[Data extracted from a collection]
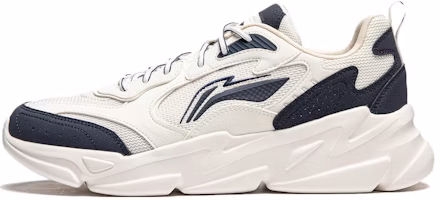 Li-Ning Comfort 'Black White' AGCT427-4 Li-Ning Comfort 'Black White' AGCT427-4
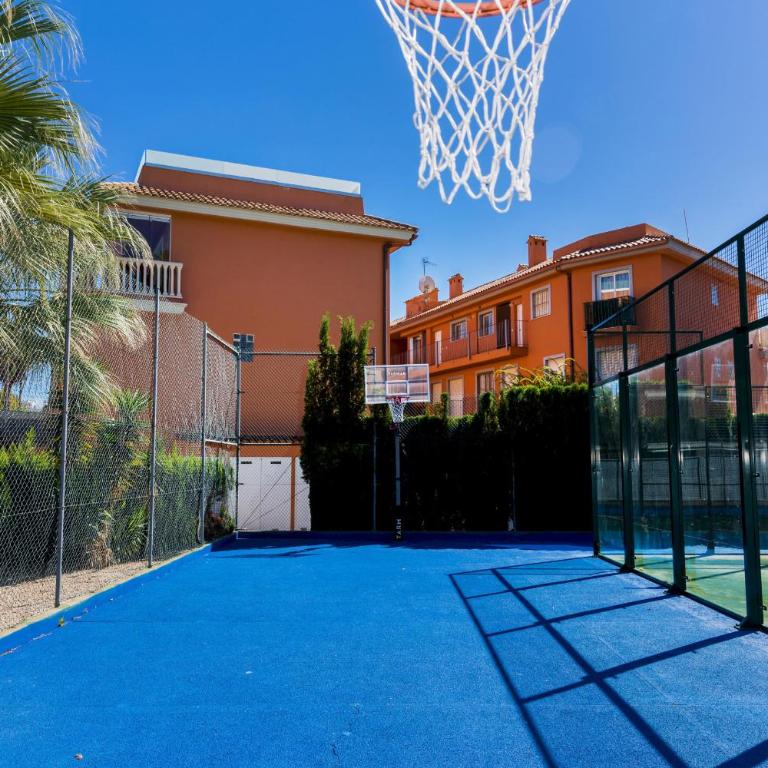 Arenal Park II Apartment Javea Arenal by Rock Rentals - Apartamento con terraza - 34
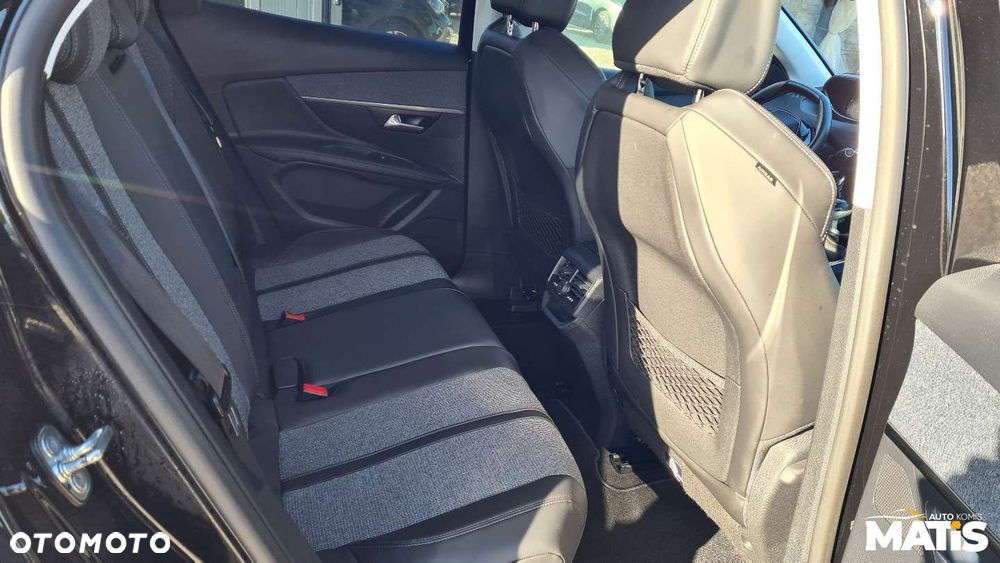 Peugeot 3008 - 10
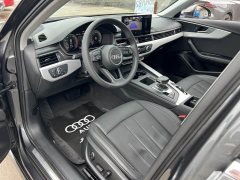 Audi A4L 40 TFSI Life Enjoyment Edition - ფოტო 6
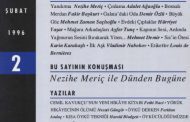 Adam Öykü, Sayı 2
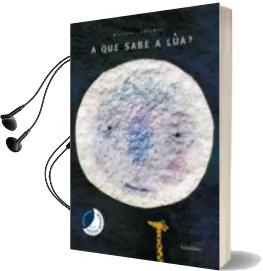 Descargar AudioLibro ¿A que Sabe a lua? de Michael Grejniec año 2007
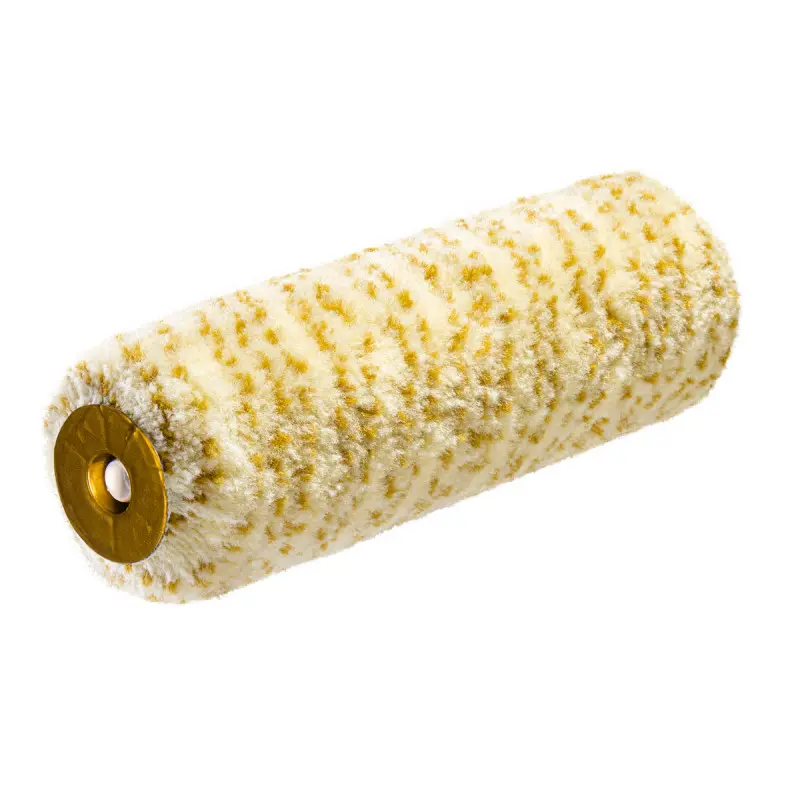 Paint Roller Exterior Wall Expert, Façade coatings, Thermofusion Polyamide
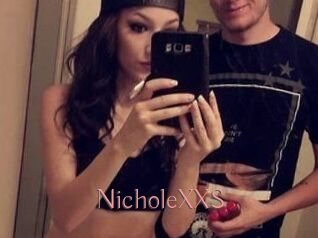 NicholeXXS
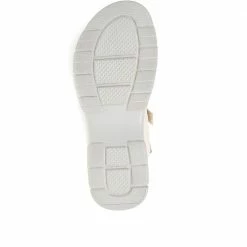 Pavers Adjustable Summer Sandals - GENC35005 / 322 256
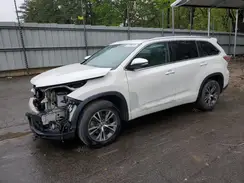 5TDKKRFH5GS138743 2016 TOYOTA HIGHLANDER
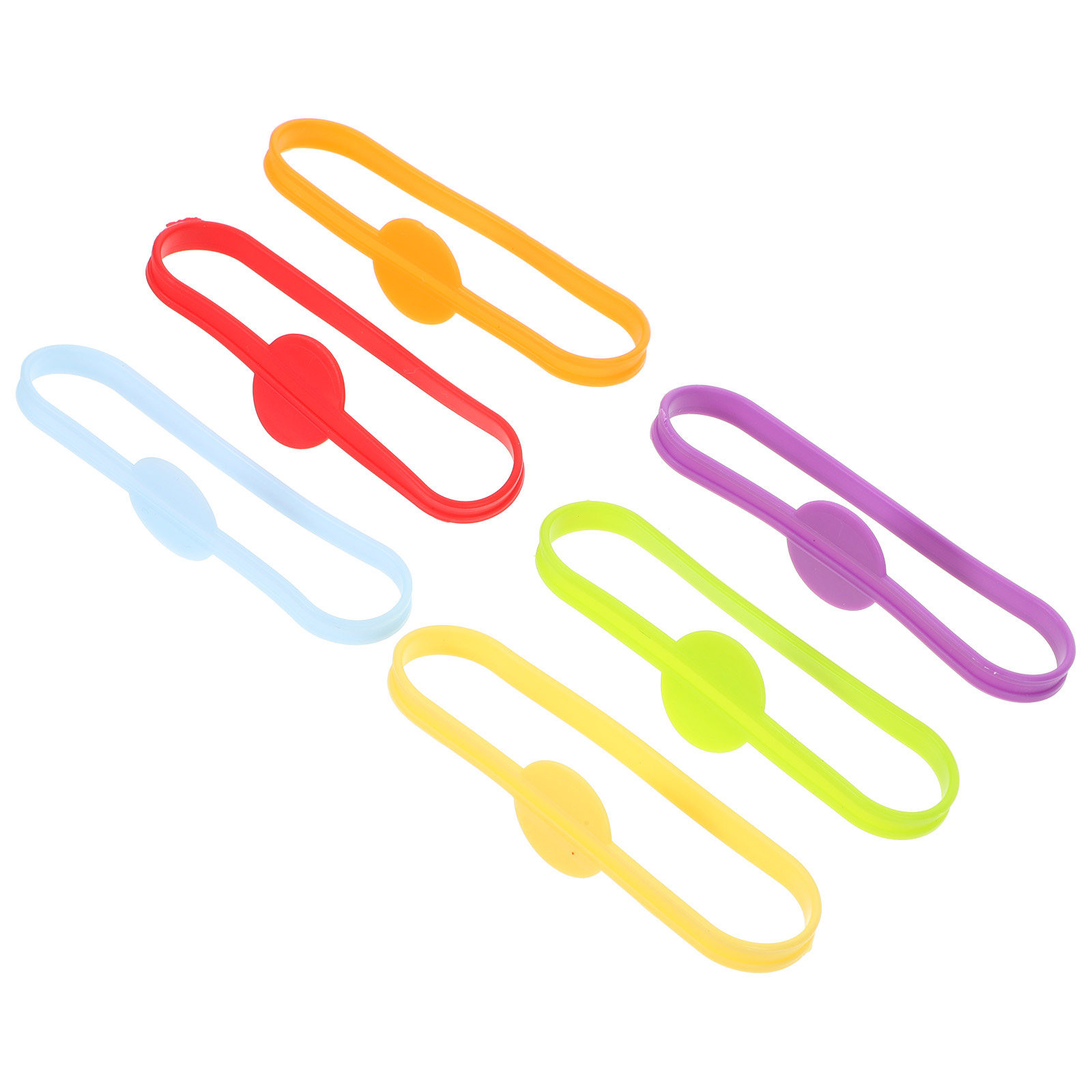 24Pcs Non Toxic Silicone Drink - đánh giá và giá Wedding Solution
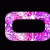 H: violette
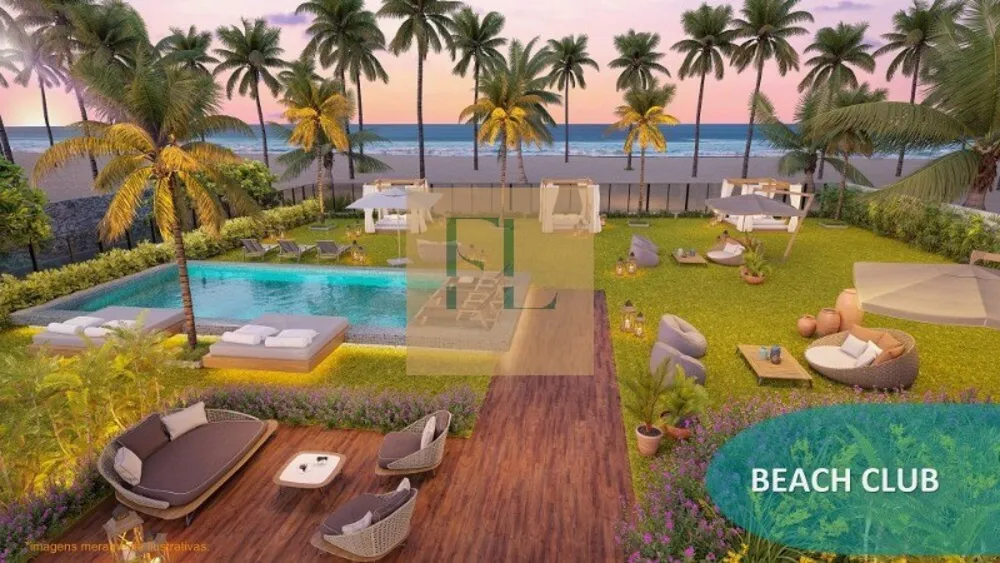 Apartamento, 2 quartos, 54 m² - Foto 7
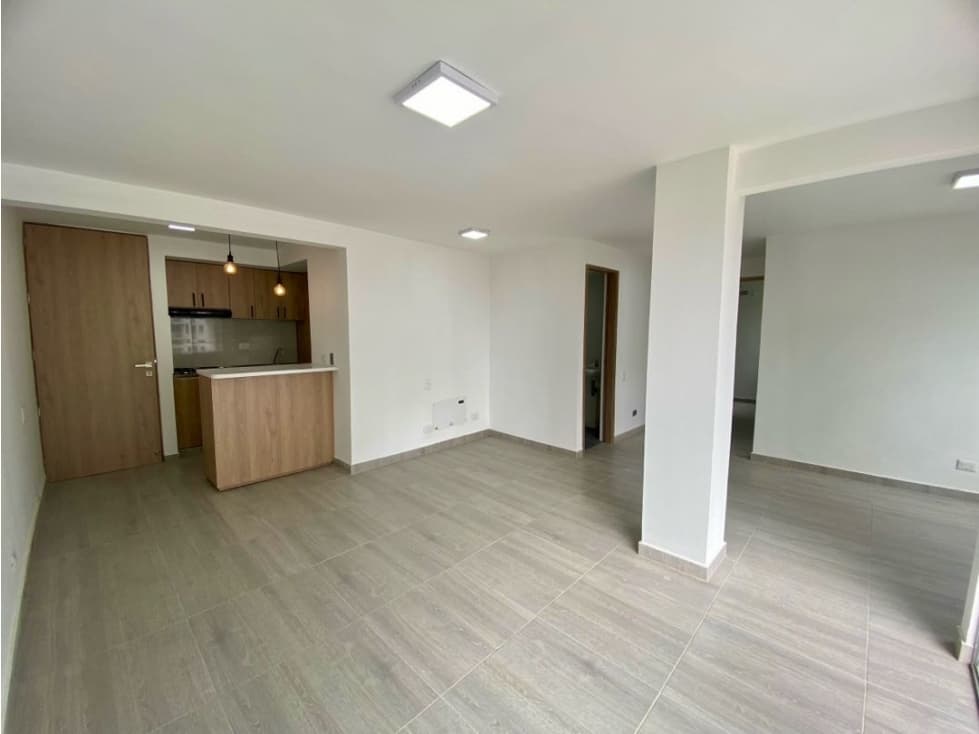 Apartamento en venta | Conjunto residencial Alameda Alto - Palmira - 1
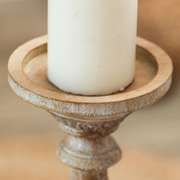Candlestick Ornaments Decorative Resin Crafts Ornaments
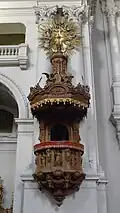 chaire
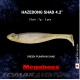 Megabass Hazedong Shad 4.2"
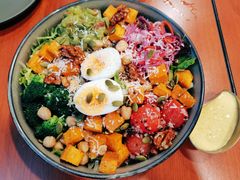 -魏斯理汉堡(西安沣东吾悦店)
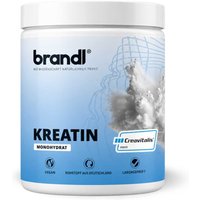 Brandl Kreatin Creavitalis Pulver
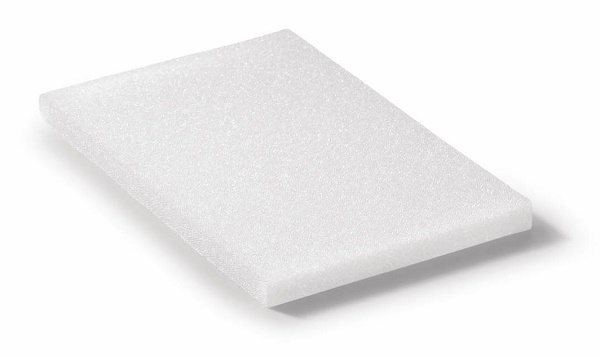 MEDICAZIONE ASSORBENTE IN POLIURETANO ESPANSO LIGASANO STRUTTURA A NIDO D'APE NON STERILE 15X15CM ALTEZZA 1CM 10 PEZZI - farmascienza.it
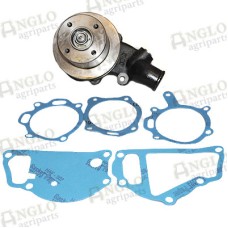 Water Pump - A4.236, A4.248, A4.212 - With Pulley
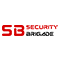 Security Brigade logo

» **TASK STATEMENT**
The answer must consist of the line containing "Candlestick Ornaments Decorative" and every line after it through the end of the records, retyped exactly, with all pictures left out.

» **SOLUTION TO THIS PROBLEM**
Candlestick Ornaments Decorative Resin Crafts Ornaments
 chaire
 Megabass Hazedong Shad 4.2"
 -魏斯理汉堡(西安沣东吾悦店)
 Brandl Kreatin Creavitalis Pulver
 MEDICAZIONE ASSORBENTE IN POLIURETANO ESPANSO LIGASANO STRUTTURA A NIDO D'APE NON STERILE 15X15CM ALTEZZA 1CM 10 PEZZI - farmascienza.it
 Water Pump - A4.236, A4.248, A4.212 - With Pulley
 Security Brigade logo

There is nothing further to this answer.